Furthermore, of the 255 companies that have already reported third-quarter earnings, 60 percent beat estimates, and 28 percent met them. Indeed, that's just above the average for the last eight years!  And even with a few key economic reports bringing less than rosy news, the stock market recovered in October, brining Wall Street and all investors a happy gift: a four consecutive week rally on the Dow Jones Industrial Average.

Mixed Signals from our Economic Reports

But, in terms of earnings, we also have to look at the other side of the equation. As unexpectedly strong as our earnings are coming in, this third-quarter is being compared against a very weak third quarter in 2001. The U.S. was in a recession and had suffered the worst act of terrorism in our history.

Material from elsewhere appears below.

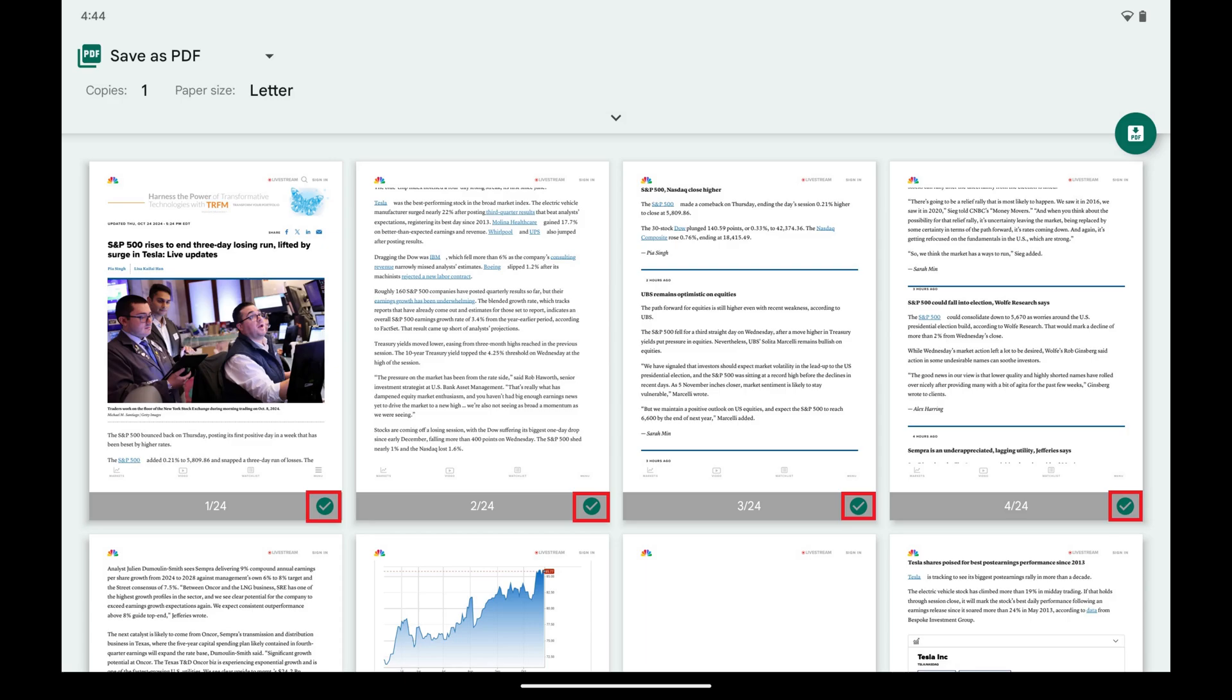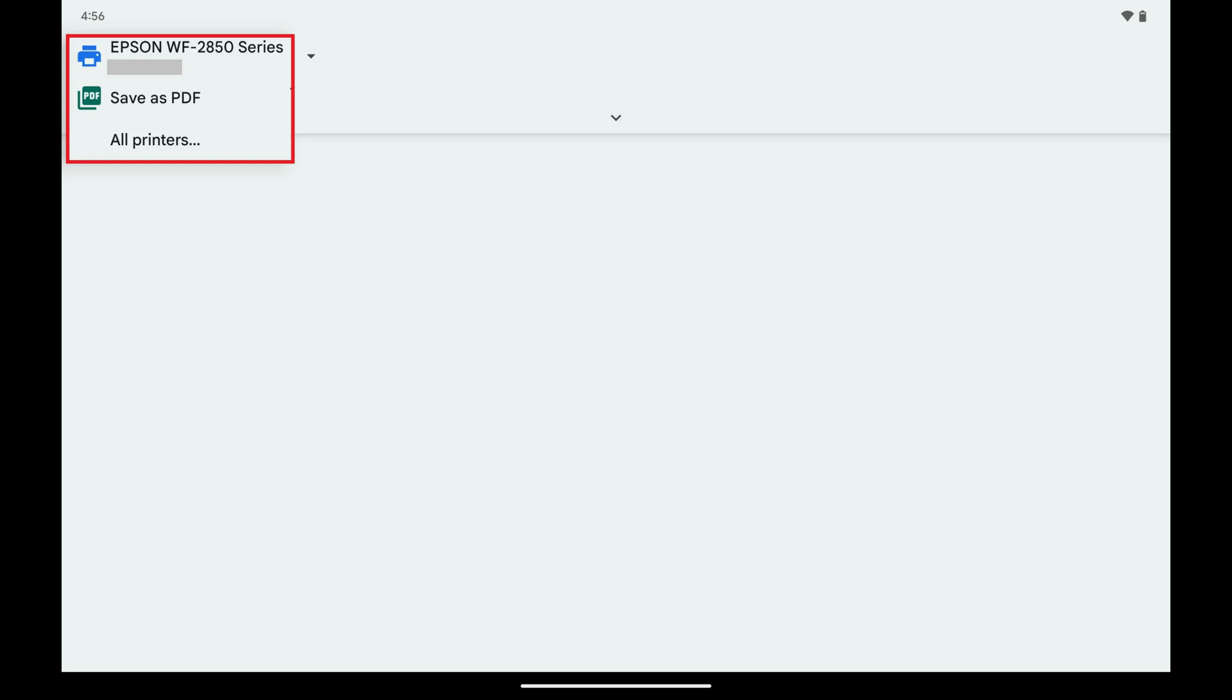Step 5. Tap the drop-down field at the top of the screen to open a menu. All of the available printers identified by your Android device will be displayed in this menu.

Furthermore, the economic reports released during October showed that our industrial economy is still trying to pull out of its two-year-old slump. Orders for durable goods—big-ticket items such as steel, industrial machinery, furniture, and cars—plunged 5.9 percent in September, the biggest monthly decline in a year. This sharp drop in orders for non-defense capital goods was viewed as disappointing news to Wall Street.

Additionally, the Federal Reserve said that industrial production declined by 0.1 percent in September, its second consecutive drop after emerging from a 15-month decline. The bright spot in that report was that high-technology output for the third quarter rose 1.1 percent and was up at a 7.7 percent annual rate. This could be a real godsend for companies such as Cisco, Applied Materials and Intel. These are all leaders in their respective industries, but have suffered so severely from the sharp decline in global technology spending.

The unemployment report certainly gave the street a mixed signal.  There was a markedly lower rate of unemployment -- 5.6 percent -- but there were also 43,000 fewer jobs. Although many did cheer this drop which was only a few months ago inching towards 6 percent, there is another way to interpret the news: many people have simply given up looking for work and dropped out of the workforce, at least temporarily.

With fewer people working, consumer confidence is likely to take a hit as well as consumer spending which certainly does not bode well for a strong recovery.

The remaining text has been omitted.